### [Work required]
Repeat the data below in full. Pictures must not be part of the copy.

"""

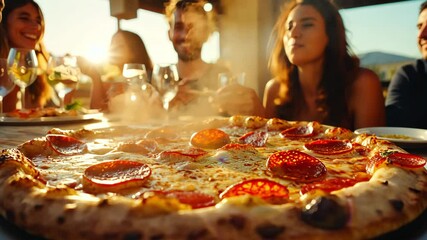 Delicious pizza and multiethnic friends or family on the background enjoying pizza together. Food delivery, birthday celebration at restaurant. pizza party vibes, sharing food, pizza lovers. menu - Powered by Adobe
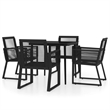 Afuera Living Contemporary Powder-Coated Steel Dining Set in Black
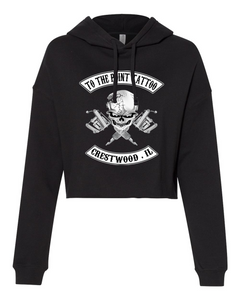 To The Point Tattoo "OG" Women's Crop Hoodie Style2 - Black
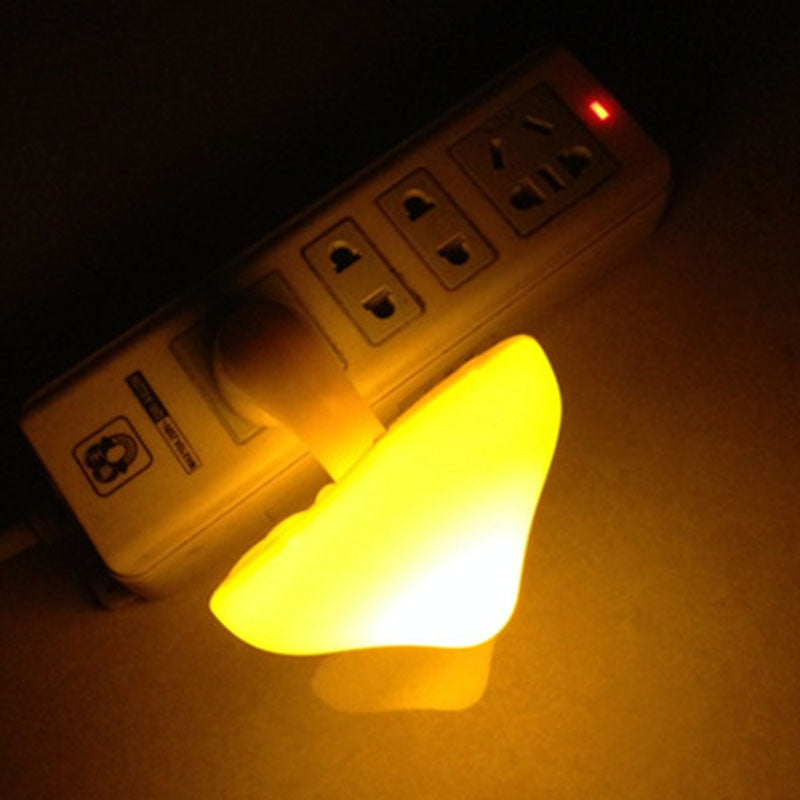 Led Night Light Mushroom Wall Socket Lamp Eu Us Plug Warm White Light-control Sensor Bedroom Light Home Decoration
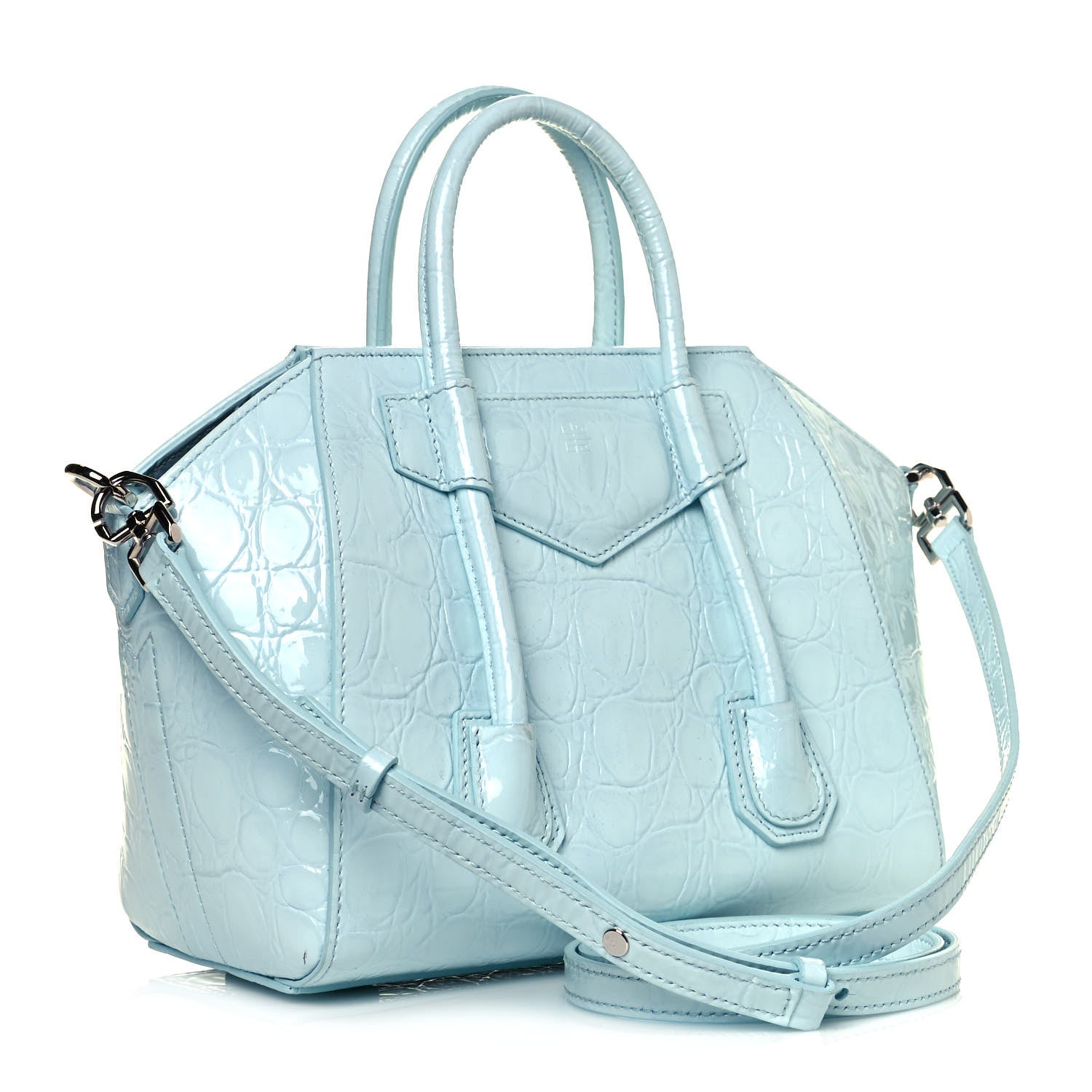 Givenchy Calfskin Crocodile Embossed Mini Antigona Lock Sky Blue 4 of 15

"""

### [Written response]
 Delicious pizza and multiethnic friends or family on the background enjoying pizza together. Food delivery, birthday celebration at restaurant. pizza party vibes, sharing food, pizza lovers. menu - Powered by Adobe
 Afuera Living Contemporary Powder-Coated Steel Dining Set in Black
 To The Point Tattoo "OG" Women's Crop Hoodie Style2 - Black
 Led Night Light Mushroom Wall Socket Lamp Eu Us Plug Warm White Light-control Sensor Bedroom Light Home Decoration
 Givenchy Calfskin Crocodile Embossed Mini Antigona Lock Sky Blue 4 of 15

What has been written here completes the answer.